We've been camped down by the river for a couple of weeks now. We each brought our own tent out of necessity. Nobody wanted to sleep with Shadetree Mike due to fear that he would talk all night about how awful Ermine had done him, and she had! Judge Redbone has his own tent and didn't invite any of his constituents to share his abode, not that we'd want to anyway. Rumor has it that he gives speeches in his sleep - and kisses babies! He can keep to his own tent!

Sharing a tent with Truman Treetopper is out of the question unless you have a gas mask, which none of us did. And Heck Frye and I ain't overly fond of one another, leastways not fond enough to share tight living arrangements. So five tents it was, but Baker and I share.

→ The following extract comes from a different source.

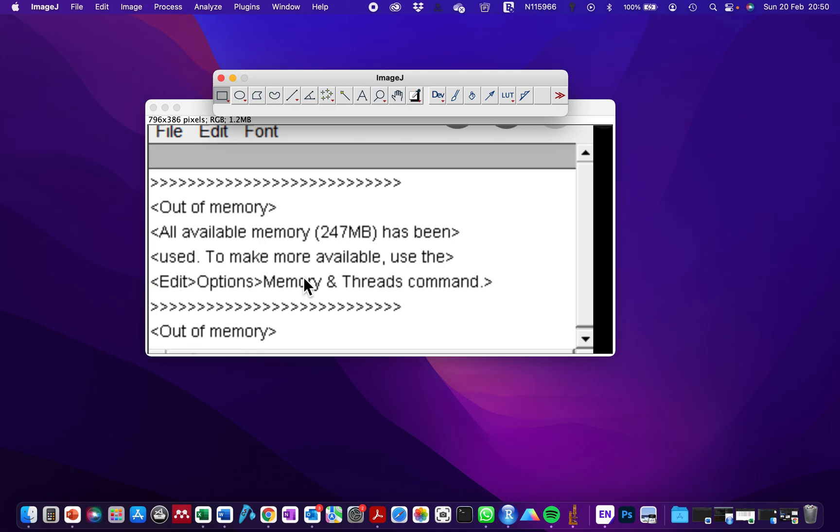Hi, welcome to my channel. My name is Alice Rita. To all my new and returning subscribers, thank you for coming back to watch my video. Today I'm going to be showing you how to solve the problem of ImageJ memory.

Our little encampment is becoming a jewel in the woods. Heck brought a bunch of Christmas lights and we strung them through the trees. They are hooked onto Heck's generator that also powers our coffee pot and Heck's hair dryer. (He wanted to bring his television, but the cable company refused to run us a wire. I'm sort of glad they didn't. Now instead of vegetating on mindless TV, we sit around the campfire each night and stretch our imaginations by telling tall tales!)

We have trails set out and bordered with rocks so we don't get lost at night as we head off to our special trees and bushes - the well fertilized ones!

Esther Pearl came by last week and set out some petunias. Ermine also came by trying to make nice with a platter of pastries and a big thermos of fancy coffee. That was appreciated, but we are still mad about the high-handed way that she disabused us of our domino parlor - leastways I'm still good and mad!

Our other guest of note was the game warden. He came looking for a gang of fools that had apparently been setting off fireworks late one night. He nosed through most of our stuff while lecturing us on how many years we could spend in jail for setting the woods on fire. Fortunately, he wasn't up to sticking his nose in Truman's tent, so we have enough bottle rockets and Roman candles left for another war game late some night!

We haven't had much luck living off the land. Truman and the Judge take their fishing seriously, but all they've pulled in so far are sun perch so small it's amazing that they could have swallowed the bait. Heck found a mulberry tree, but gorging on them caused us to have blue hands and the runs - and mature folks like us can't afford to spend much time running!

I go home every evening to feed Annie and the emus, and to check on things. I know that Esther does some checking on my place, too. But that's all right. If she hadn't been conspiring with Ermine, we wouldn't be out here on the riverbank trying to restore Shadetree Mike's self-esteem. It would serve Esther right if we moved our domino game to her store when the weather starts getting cold!

Until then...pass me another root beer. I'm on vacation!